• **Short text fragments from websites**:

Content starts

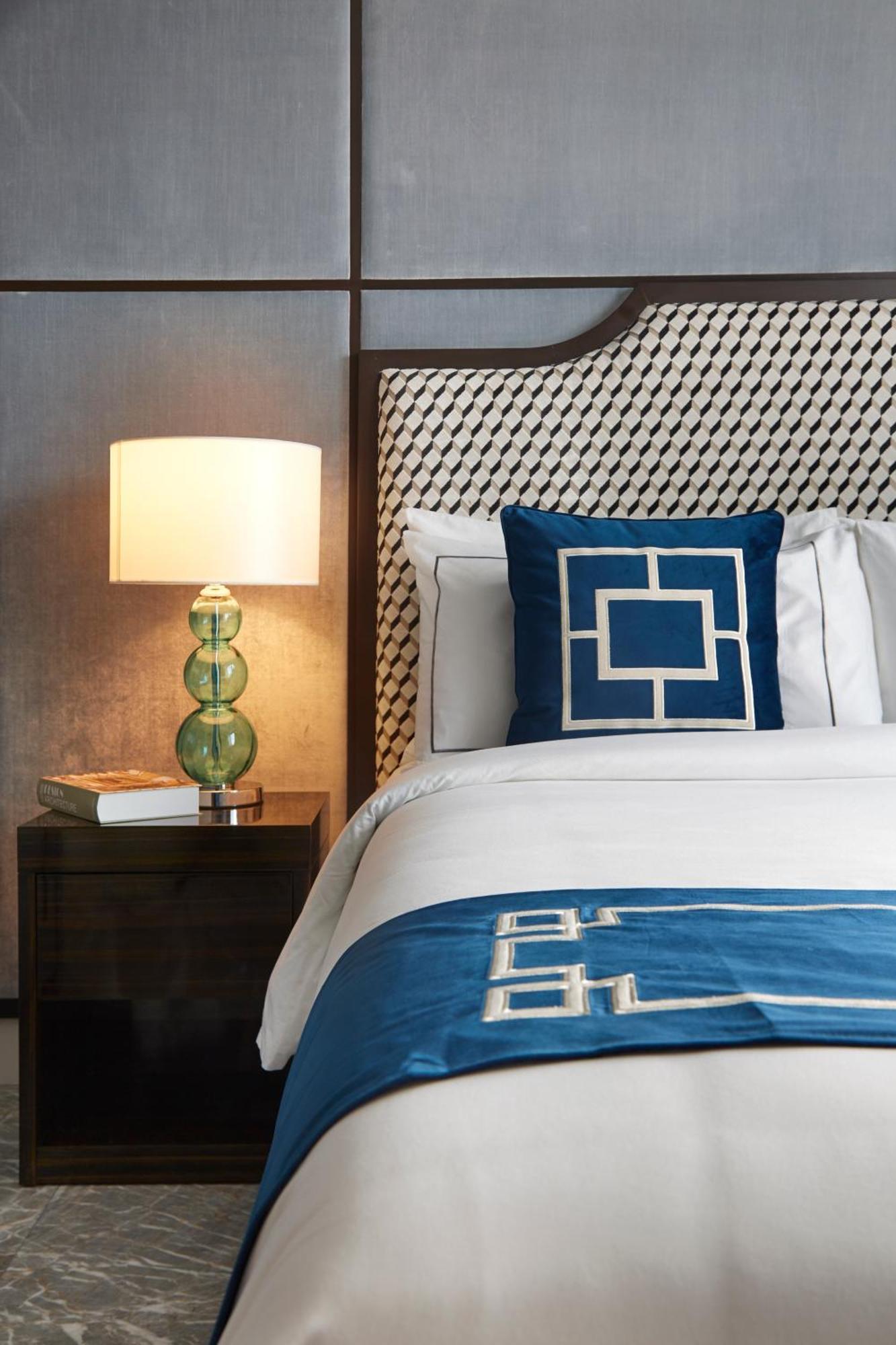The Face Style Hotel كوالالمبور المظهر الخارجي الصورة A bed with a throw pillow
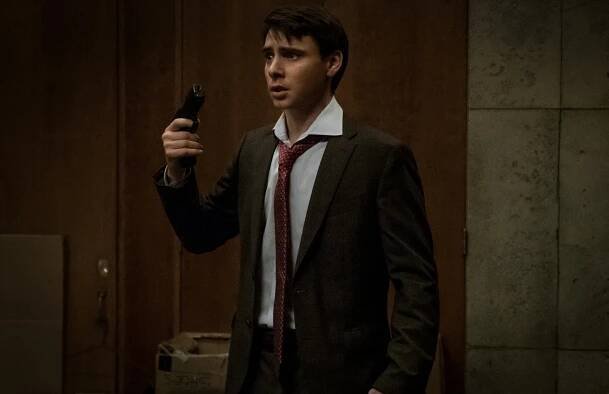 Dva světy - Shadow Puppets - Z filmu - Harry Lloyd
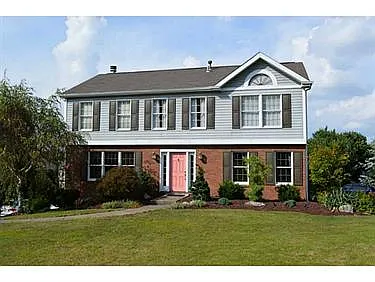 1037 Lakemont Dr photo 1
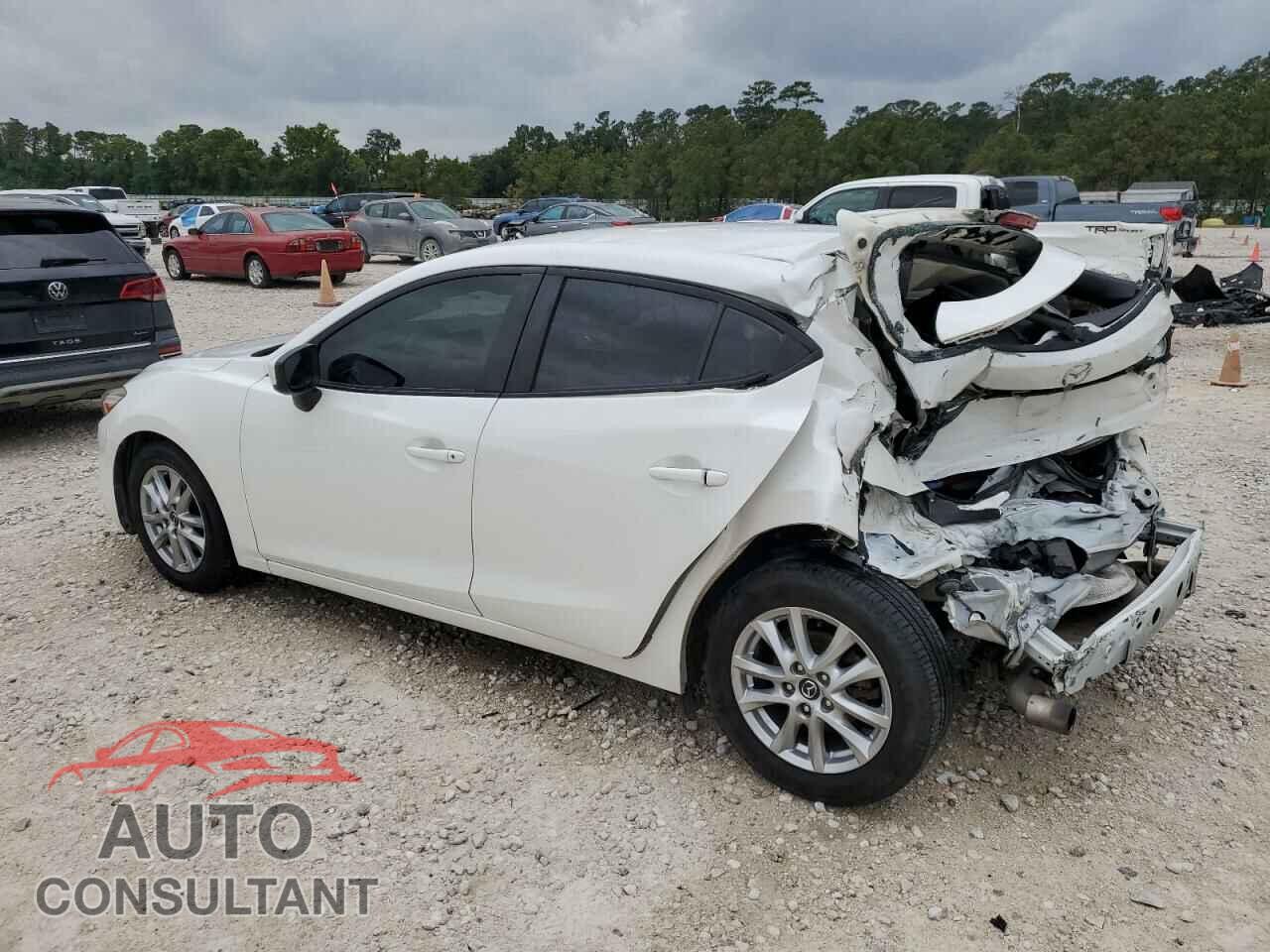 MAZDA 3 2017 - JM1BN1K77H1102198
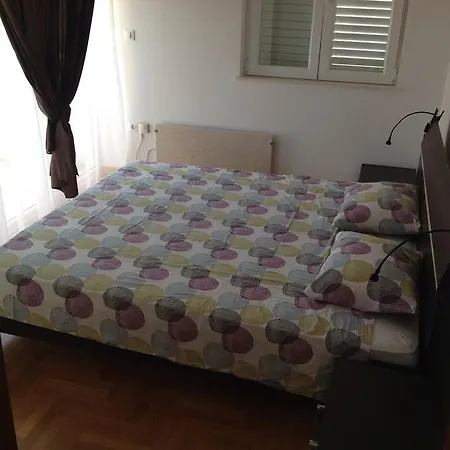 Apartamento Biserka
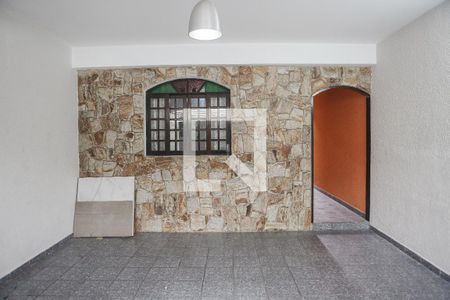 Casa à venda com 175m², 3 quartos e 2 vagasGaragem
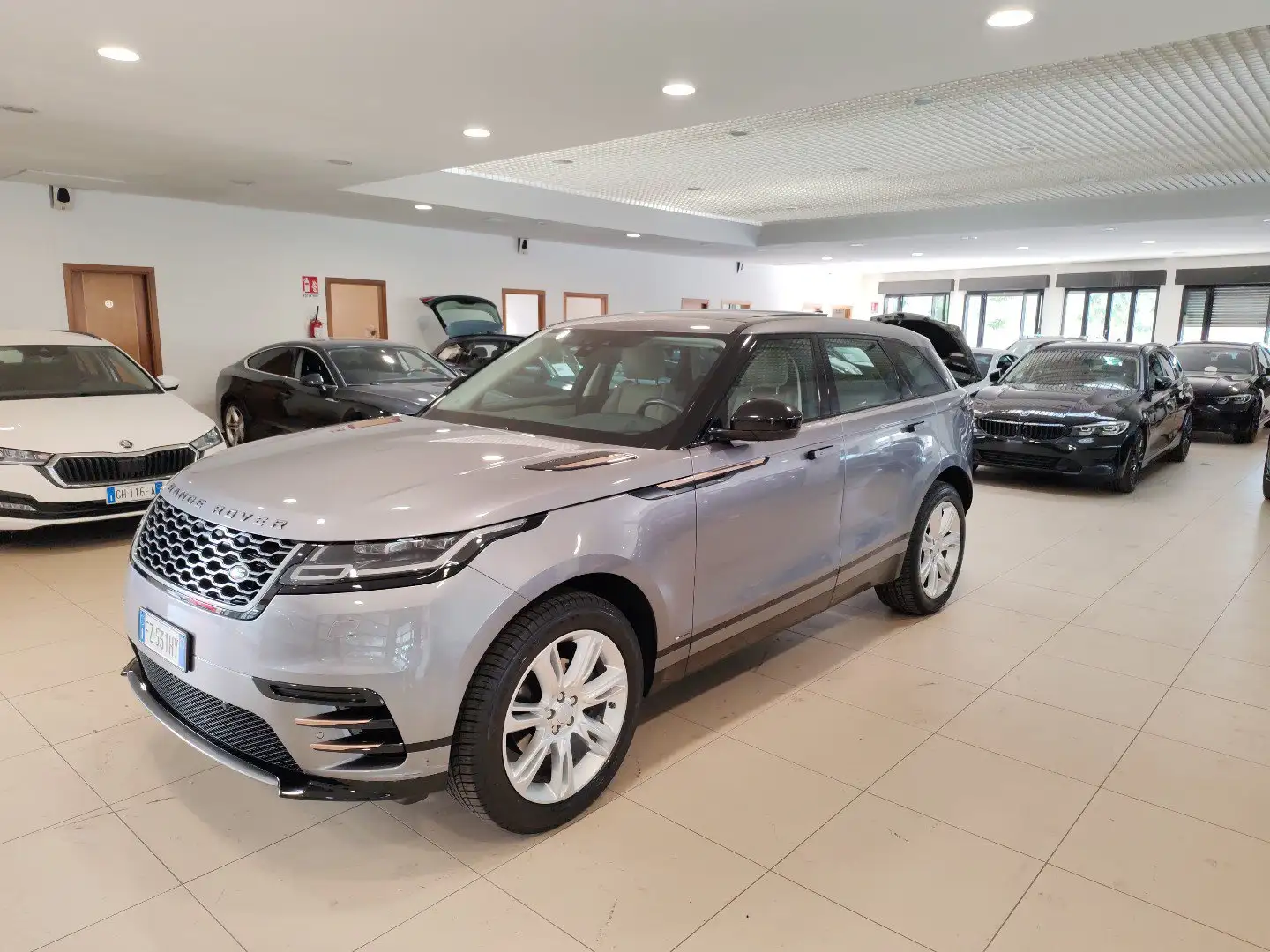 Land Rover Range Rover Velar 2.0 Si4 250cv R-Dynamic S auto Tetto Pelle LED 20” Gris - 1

Content ends

• **Required work**: Your answer must be the lines from the one containing "Dva světy - Shadow" through the final line of the entries, duplicated exactly, with both ends kept and all pictures left out.

• **Solution for this problem**:
 Dva světy - Shadow Puppets - Z filmu - Harry Lloyd
 1037 Lakemont Dr photo 1
 MAZDA 3 2017 - JM1BN1K77H1102198
 Apartamento Biserka
 Casa à venda com 175m², 3 quartos e 2 vagasGaragem
 Land Rover Range Rover Velar 2.0 Si4 250cv R-Dynamic S auto Tetto Pelle LED 20” Gris - 1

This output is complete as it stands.